The plasma was administered at the Houston Methodist hospital in Texas, after the US Food and Drug Administration (FDA) granted the facility permission to transfuse donated plasma into a patient.
The hospital had begun recruiting blood plasma donors on Friday of last week, ahead of a potential approval by the FDA, which arrived on the Saturday, and saw the patient treated on the Saturday evening.
Though this form of treatment is not guaranteed to work, the hope is that the antibody-rich plasma, which was collected from a patient already recovered from COVID-19 and had been healthy for more than two weeks, would be able to boost the patient’s immune response to the virus.
For the patient, this could be potentially lifesaving, the hospital noted, such is the stage of the patient’s illness and with a lack of further options.

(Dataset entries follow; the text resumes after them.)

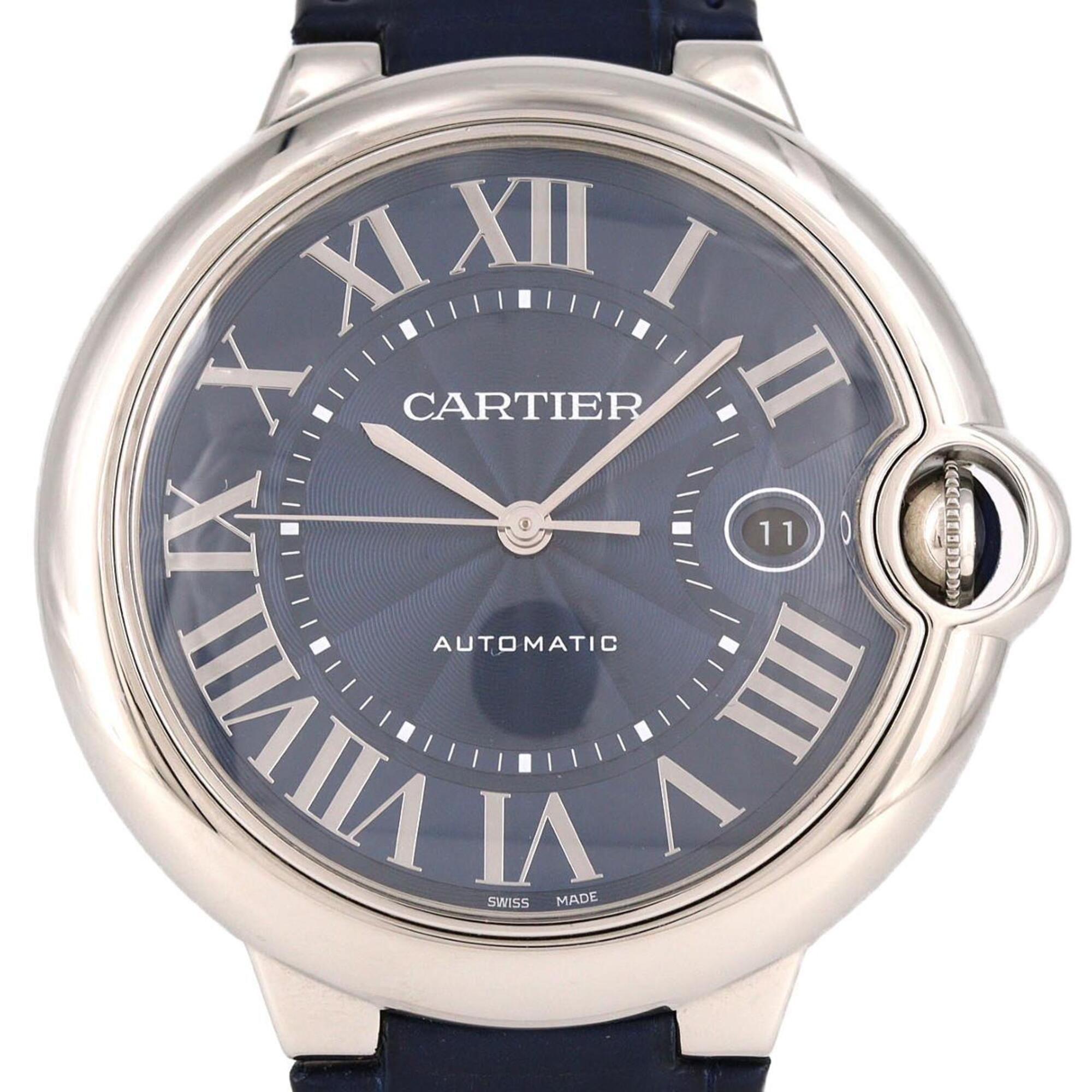 Cartier Ballon Bleu WSBB0025 Stainless Steel Automatic Watch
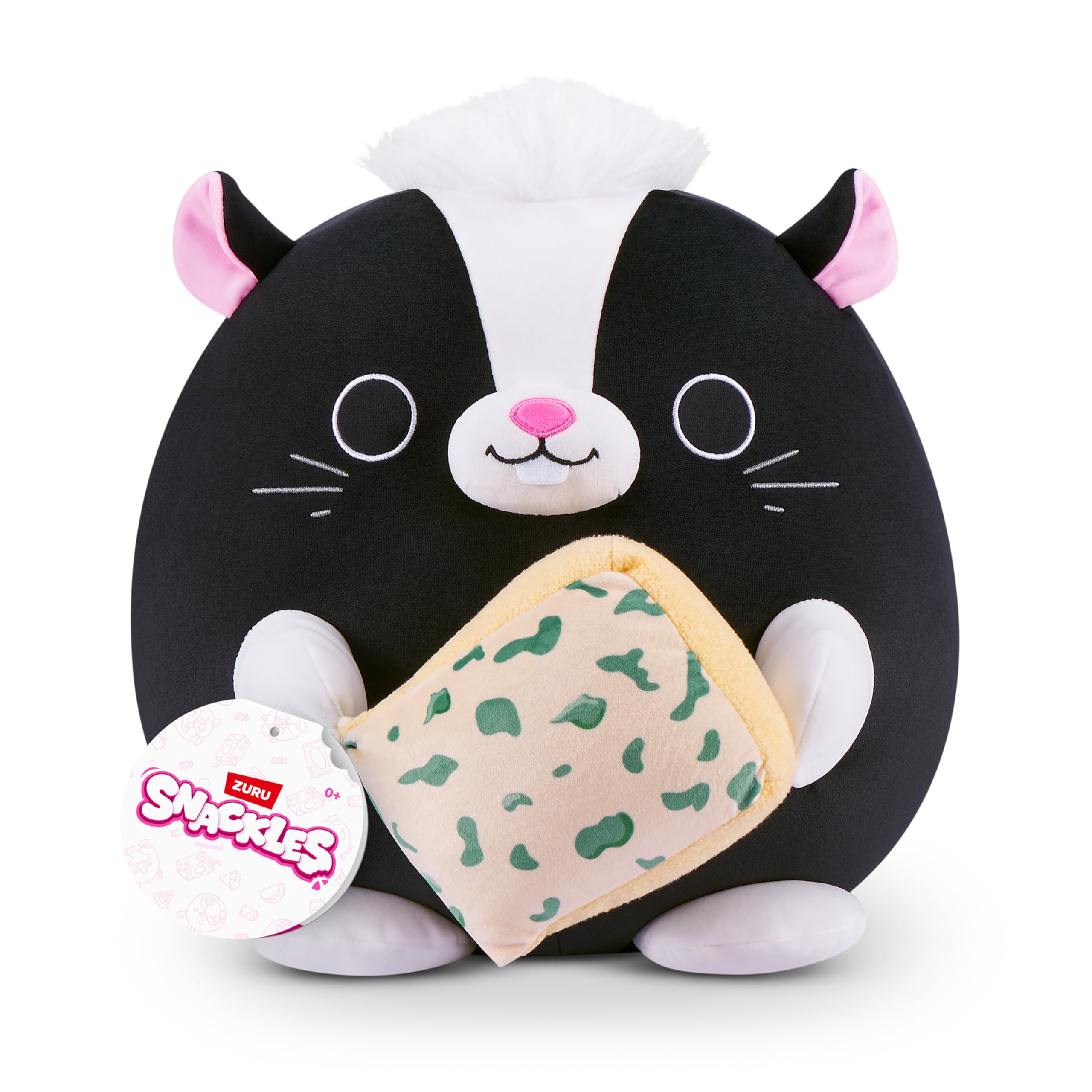 Amazon.com: Snackles Non-Licensed Series 1 8-inch Plush (Fleur) by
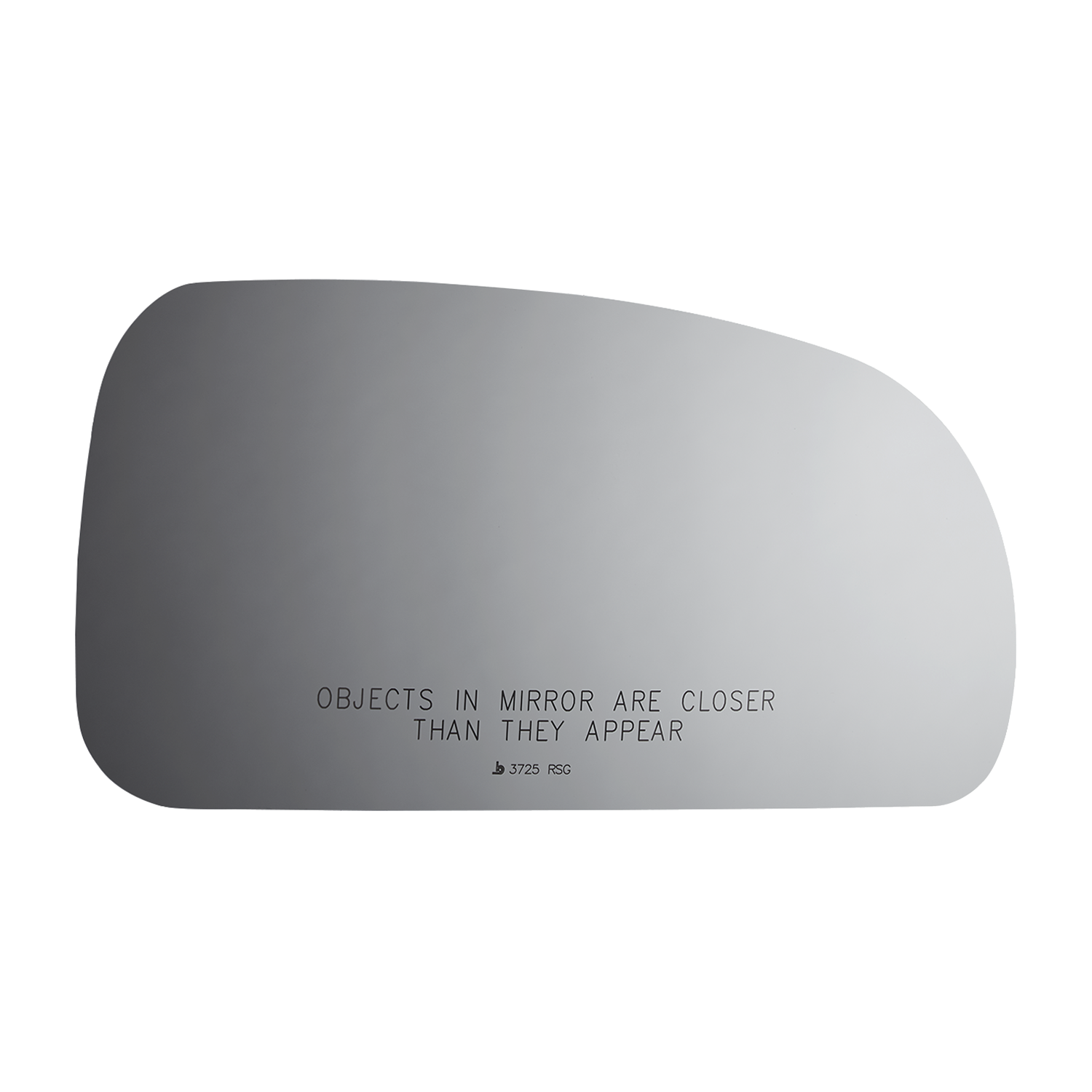 SIDE VIEW MIRROR W MOUNT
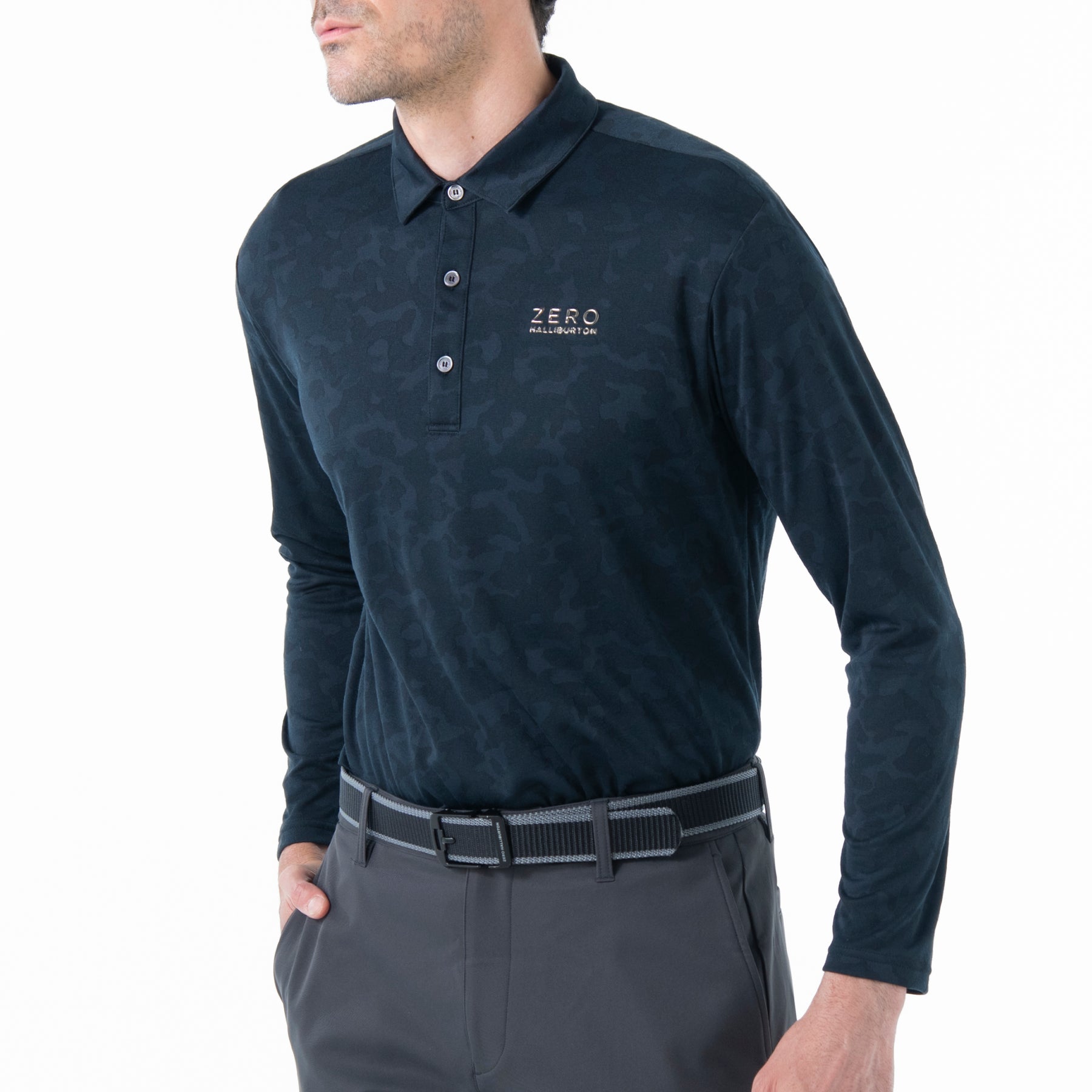 ZHG-M5A9a | Camouflage Long-Sleeve Polo 85126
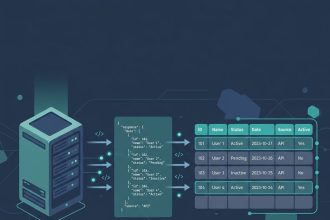 Load DataTables data via Ajax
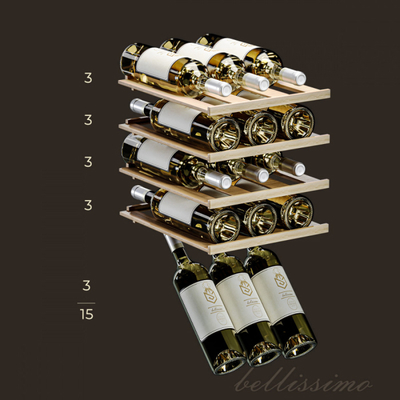 Винный шкаф Meyvel MV15-KBF1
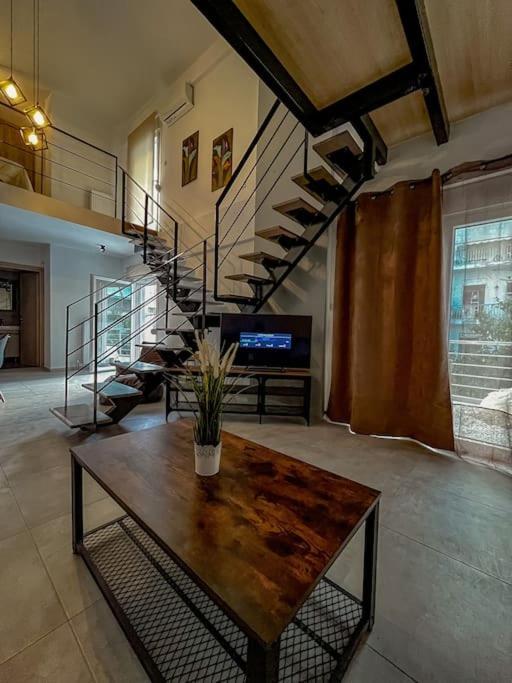 Escala Double Loft 1 & Parking In The City Center Volos Eksteriør bilde
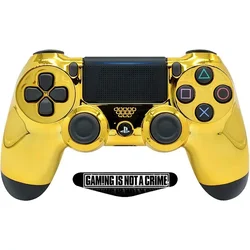 Zlatni DualShock 4 Džojstik za PS4 - Unesite Dozu Luksuza u Vaš Gejming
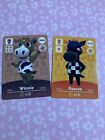 Animal Crossing Amiibo Cards Series 1 Horses Winnie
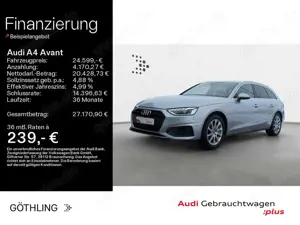Audi A4 40 TDI S tro*Pano*Matrix*Navi+*Teillede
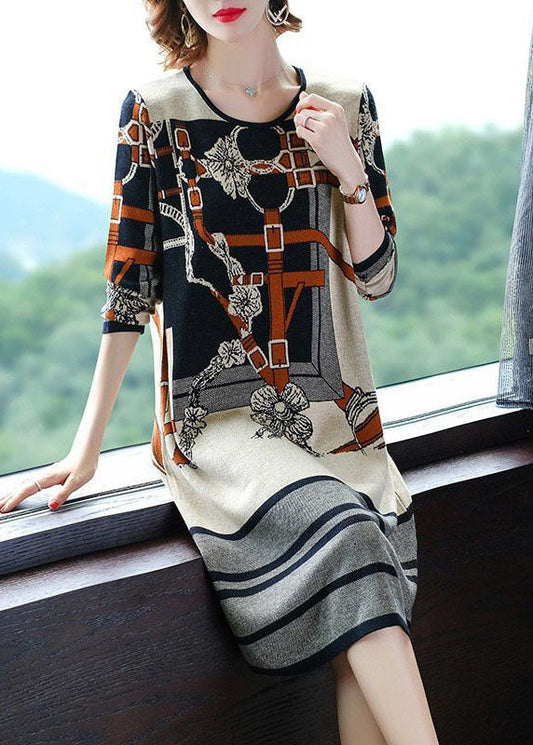 Classic Vintage Sweater with a Flattering Fit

“Convalescent serum therapy could be a vital treatment route, because unfortunately there is relatively little to offer many patients except supportive care, and the ongoing clinical trials are going to take a while. We don’t have that much time,” said Eric Salazar, principal investigator and physician scientist in the department of pathology and genomic medicine at Houston Methodist.
Similar to other forms of therapy now entering clinical trials, this type of treatment was utilized in China and Houston Methodist noted that a description of five patients in the country was published suggesting that such treatment is beneficial.
Previously to the outbreak of the novel coronavirus, the hospital described how similar forms of treatment were used during the Spanish flu pandemic of 1918 and the diphtheria outbreak in the 1920s.
During the ‘bird flu’ outbreak in Asia during the 2000s, the WHO provided further information about the use of convalescent plasma treatment – suggesting that such a treatment was likely to be used in a flu pandemic when alternative therapies were lacking.
The report cited that there was 21% less morality in patients treated with such a treatment in the Spanish flu epidemic and concluded that such therapies “may have value in treatment of influenza pneumonia.”
Pneumonia is a known symptom of severe forms of viral infections in some patients.
New York City is looking at a similar approach to treat patients, with its governor, Andrew Cuomo, stating that recruitment would begin for plasma donations in the coming days.
Under FDA guidelines, Houston Methodist had to apply to treat the individual patient under emergency investigational new drug protocol. In order to deliver similar treatments to additional patients, staff at the hospital would have to apply for approval of further follow-up studies.